Segment Intersection

Question

Here is a question from CLRS. A disk consists of a circle plus its interior and is represented by its center point and radius. Two disks intersect if they have any point in common. Give an O(n lg n)-time algorithm to determine whether any two disks in a set of n intersect.

Its not my home work. I think we can take the horizontal diameter of every circle to be the representing line segment. If two orders come consecutive, then we check the length of the distances between the two centers. If its less than or equal to the sum of the radii of the circles, then they intersect.

Please let me know if m correct.

Answer 1

No your algorithm will not work. This is because unlike in case of line intersection, it is possible that the circle/disc intersecting the disc in hand is not consecutive. Let me give you an example.. Assuming you are making line segments out of circles by joining their left-most and right most points, and then using the CLRS algo to find if any lines intersect. You will find that at p3, the c3 is never consecutive to c1, but it intersects with c1.

The diagram

Answer 2

Another approach to solve the problem:

1. Divide the plane using a grid whose diameter is that of the biggest circle.
2. Use a hashing algorithm to classify the grid cells in N groups.
3. For every circle calculate the grid cells it overlaps and the corresponding groups.
4. Get all the circles in a group and...
   1. Check if the biggest circle touches any other circle in the group.
   2. Recurse applying this algorithm to the remaining circles in the group.

This same algorithm implemented in scala: https://github.com/salva/simplering/blob/master/touching/src/main/scala/org/vesbot/simplering/touching/Circle.scala

Answer 3

Build a Voronoi diagram for disk centers. This is an O(n log n) job.

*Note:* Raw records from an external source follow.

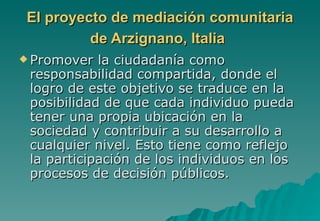 El proyecto de mediación comunitaria
          de Arzignano, Italia
 Promover  la ciudadanía como
 responsabilidad compartida, donde el
 logro de este objetivo se traduce en la
 posibilidad de que cada individuo pueda
 tener una propia ubicación en la
 sociedad y contribuir a su desarrollo a
 cualquier nivel. Esto tiene como reflejo
 la participación de los individuos en los
 procesos de decisión públicos.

Now for each edge of the diagram take the corresponding pair of centers and check whether their disk intersect.

Answer 4

1. Build a k-d tree with the centres of the circles.
2. For every circle (p, r), find using the k-d tree the set S of circles whose centres are nearer than 2r from p.
3. Check if any of the circles in S touches the current circle.

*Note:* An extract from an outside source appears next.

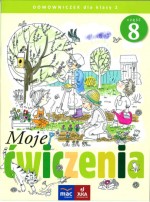 Moje ćwiczenia. Domowniczek. Klasa 2 Szkoła podst. Część 8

I think the average cost for this algorithm is O(NlogN).

The logic is that we loop over the set O(N), and for every element get a subset of elements near O(NlogN), so, a priori, the complexity is O(N^2 logN). But we also have to consider that the probability of two random circles being less than 2r apart and not touching is lesser than 3/4 (if they touch we can short-circuit the algorithm).

That means that the average size of S is probabilistically limited to be a small value.